Task goal: Print all of the data exactly, but drop the pictures.

(Beginning of Stored data)

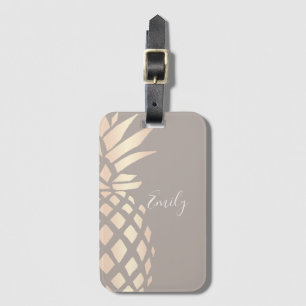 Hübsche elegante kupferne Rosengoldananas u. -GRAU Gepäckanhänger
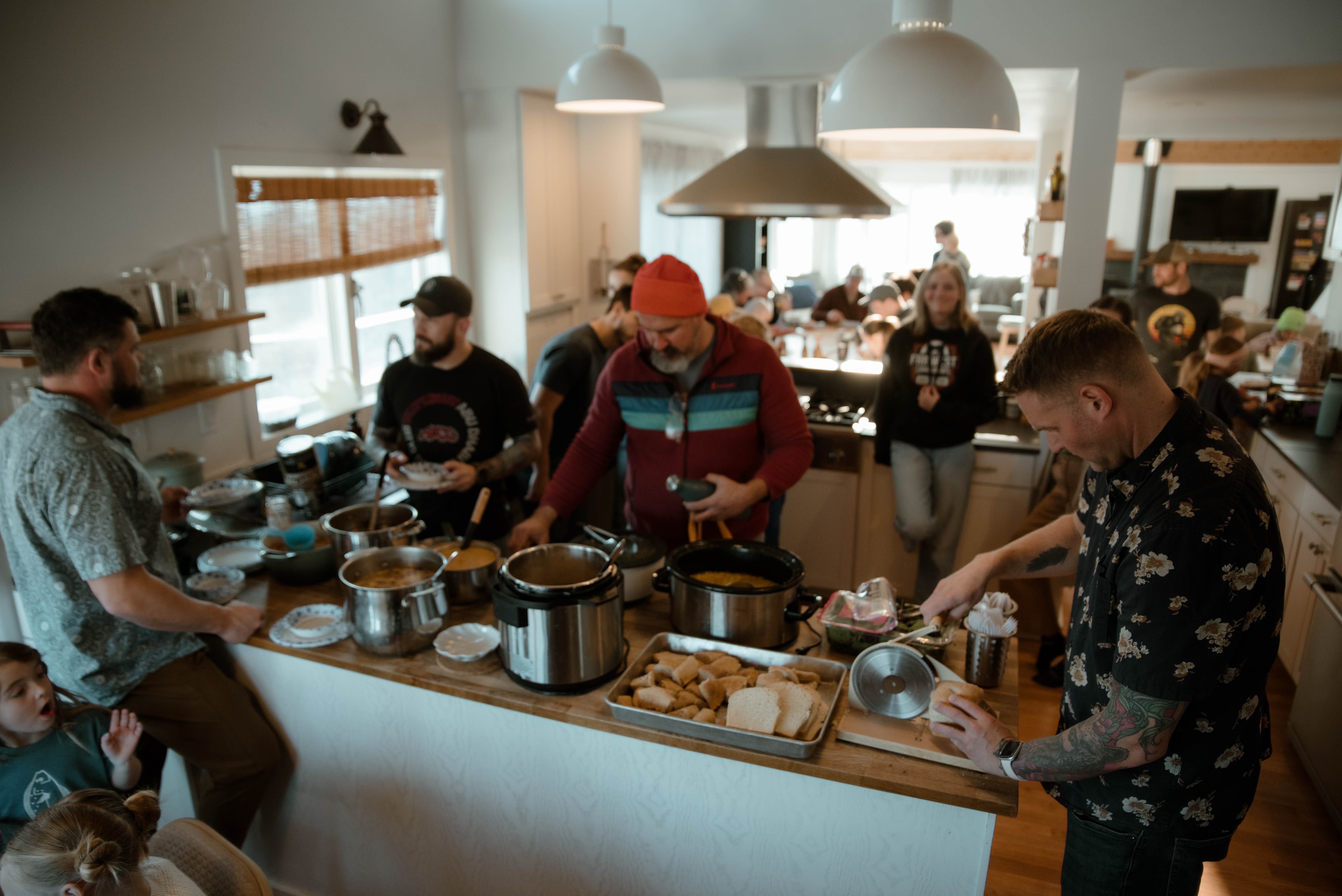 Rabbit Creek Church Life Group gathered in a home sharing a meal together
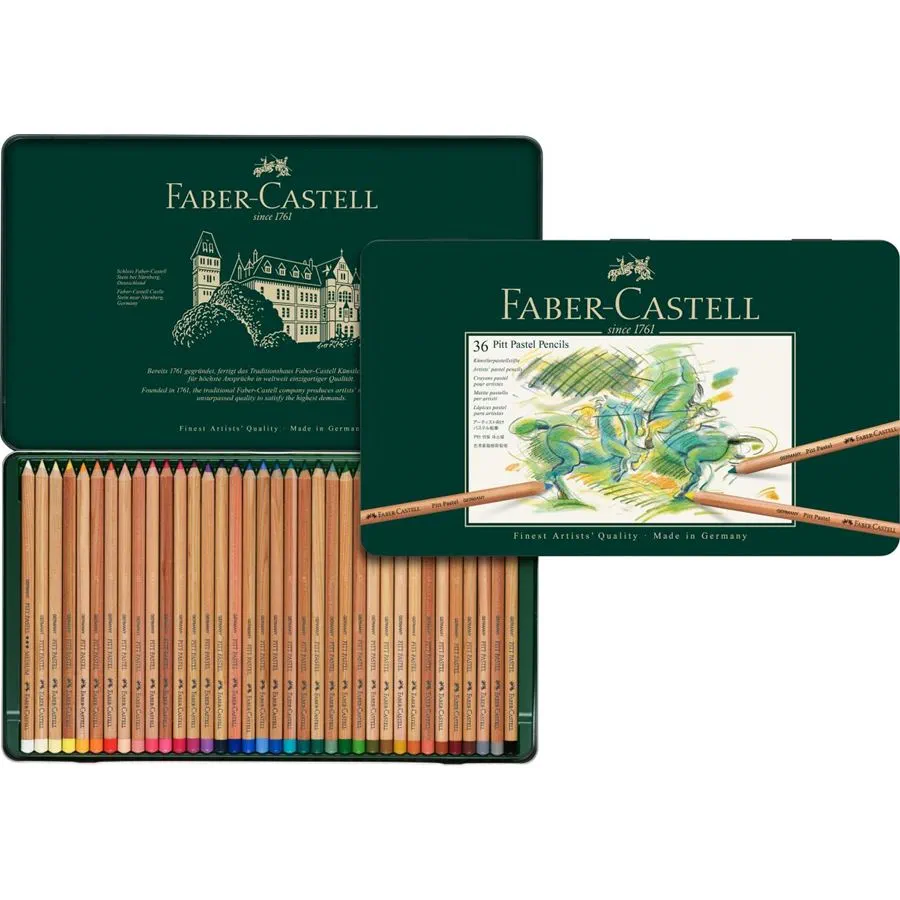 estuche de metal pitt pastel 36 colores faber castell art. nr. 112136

(End of Stored data)

Answer section:
 Hübsche elegante kupferne Rosengoldananas u. -GRAU Gepäckanhänger
 Rabbit Creek Church Life Group gathered in a home sharing a meal together
 estuche de metal pitt pastel 36 colores faber castell art. nr. 112136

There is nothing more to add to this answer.